Today we signed the Duomo over to a new family. In my former living room we handed over keys, garage door openers, knowhow, and tidbits. I told them to make sure they crack the window open in spring so the creek's burbling runoff can lull them to sleep. A few months later the scent of Russian olives will soothe them to slumber. I told them to fold laundry upstairs on the bed so they could watch their kids swinging under the tree house down below. I told them to slide on the frozen pond, to love the ward, and to make the house their own (starting with repainting my pumpkin orange half bath). I hoped the house would be as good to them as it was to us. Above all, I promised them it was a House of Miracles.

I looked out the kitchen window at my pear tree and bid the reveries of hand washing farewell; I’ll have to come up with my great ideas someplace else. I also spied the Moroccan birdfeeder RE gave me for Mother’s Day; I hurried and borrowed the Draney’s ladder to rescue it.

RE and I attempted one last bike adventure but her bike had a flat and a loose brake cable. Plan B was a drive to Smart Cookie.
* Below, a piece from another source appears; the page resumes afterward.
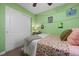 Cozy bedroom with green walls, featuring a floral bedspread and closet with sliding doors at 5400 Heatherton Ln, Highlands Ranch, CO 80130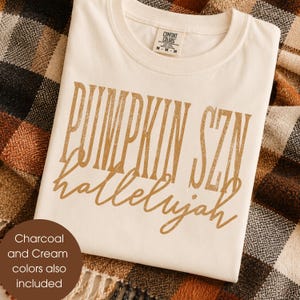 May include: A cream-colored short-sleeve t-shirt featuring the text PUMPKIN SZN in a distressed gold serif font, with the word hallelujah written below in a gold cursive script. The shirt has a Comfort Colors brand label at the neck.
We binged on triple chocolate fudge while we sat on the curb listening to the movie theater’s fountain. I still wasn’t ready to call it quits, so we drove back to our house while I decided what I wanted to do for my last act of living on 680 West. I knew. We ran across the street and knocked on Frenchie’s door to give her one last hug. Fitting, since Frenchie in a beret (with toddler Abby, infant Hannah, and tall Matt) delivering Christmas cheer at my doorstep is one of my first neighbor memories of 680 West. How I’ll miss walking up the hill to her black door and black rails. She painted the rails at midnight in her pajamas many years ago. I know because I was on a midnight stroll and saw her do it. That’s when I knew we were kindred spirits.

I talked for too long and walked away. I couldn’t look back. After reversing my car out of the driveway, I took a last look at my house numbers and shifted gears. My plum tree got smaller and smaller in the rear view mirror. I pressed forward up the serpentine roads until I reached my yard-less, gleaming, still-so-new Taj Mahal.

Inside my sanctuary I checked on my jewels; the precious Duomo acquisitions I wrapped, cradled, and transplanted here. One was sleeping in the crib with his diaper bum in the air, one was being a ninja, and one was laughing at the counter with her beautiful smile and cracked iPhone. This house is built like the old. More of the same stunning marble, just a different shape in a different land.

I am thankful for the difficult and rewarding “dome building” epoch in my life. It taught me that I can build anything with God, even if I’m just a goldsmith with no formal training. I am nothing on my own, but I eventually learned embracing the adversity under your own roof and seeking solutions through heavenly collaboration is how masterpieces, monuments, and even world wonders are brought to pass.

 

The Duomo and the Taj Mahal both feature herringbone brick. I am, and always have been, gaga for herringbone brick. So cottage! So fairy tale! So welcoming! The Chateau’s original plans had a herringbone brick walkway up to the front door. Then a builder told us it would cause death by slipping, so Greg was the murderer of love and killed my dream. The week before our wood floors were nailed down, Brooke White showed an Instagram video of her…wait for it…herringbone brick tile kitchen floor. SHAZAM! We bought less wood and had a herringbone brick tile floor laid in the entry way. A nod to my past and my present in my favorite pattern.

Photo of a postcard my Firenze-loving aunt mailed from one of her gilding classes. Acquarello di M. Fasciano.

Photo lyric from the song “Betty Crocker” by Melody Federer. (Wendy, I owe you many donuts for this gift. It will forever be the theme song for our move. I'm glad you get to be in both of my dreams.)

p.s.s.s. Frenchie's husband told me Florence is his favorite city in the world. Maybe I should tell him he's staring at it from his living room window.